*** Opening Data for review ***

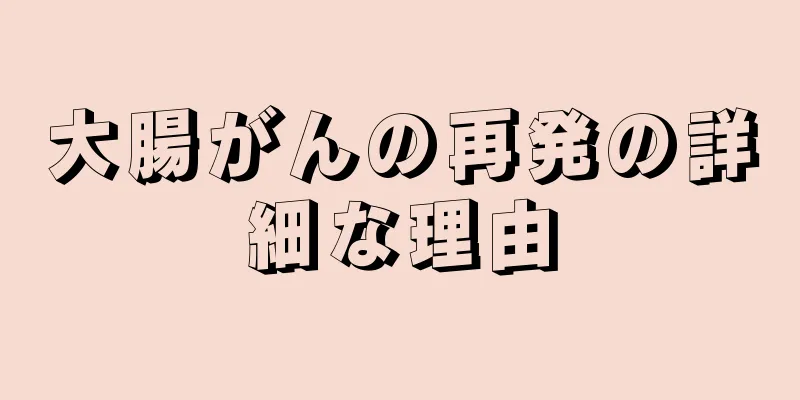 大腸がんの再発の詳細な理由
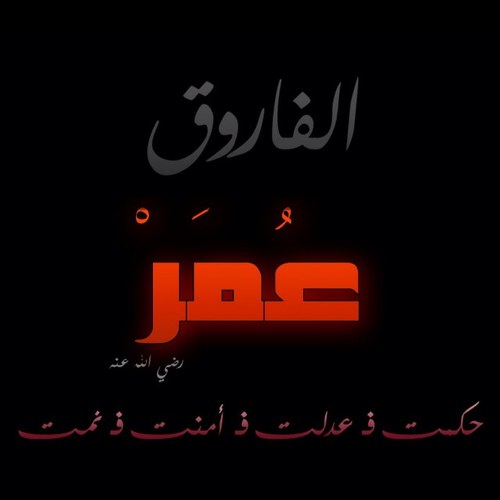 ((سبحان الله وبحمده سبحان الله العظيم )). مقطع يحدث العقل . Section occurs Mind http://t.co/XCT0o5qzp0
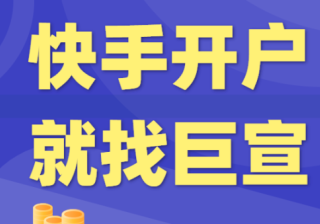 白酒招商加盟可以做快手广告投放么？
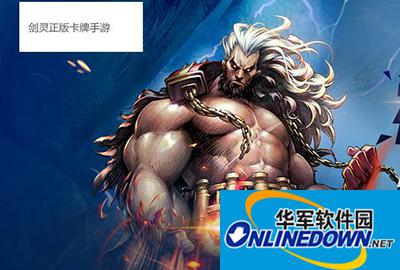 战斗吧剑灵新版本道具盘点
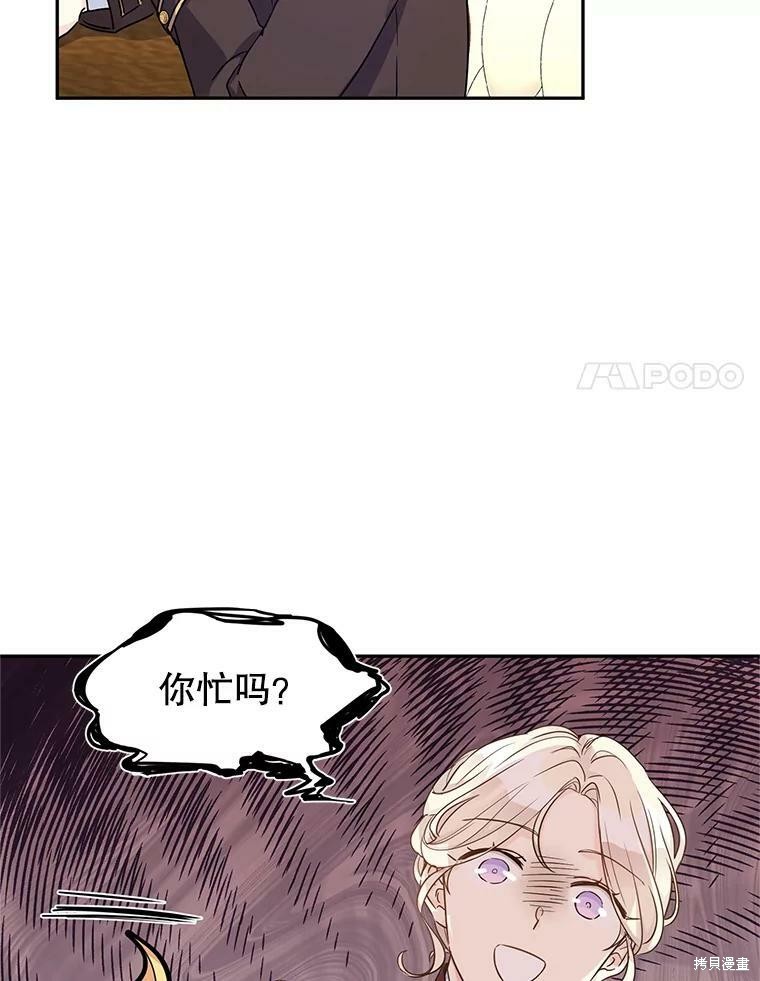 《试著换个类型吧》漫画最新章节第41话免费下拉式在线观看章节第【9】张图片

*** Closing Data for review ***

Transcribe all the lines above exactly, apart from the pictures.

 大腸がんの再発の詳細な理由
 ((سبحان الله وبحمده سبحان الله العظيم )). مقطع يحدث العقل . Section occurs Mind http://t.co/XCT0o5qzp0
 白酒招商加盟可以做快手广告投放么？
 战斗吧剑灵新版本道具盘点
 《试著换个类型吧》漫画最新章节第41话免费下拉式在线观看章节第【9】张图片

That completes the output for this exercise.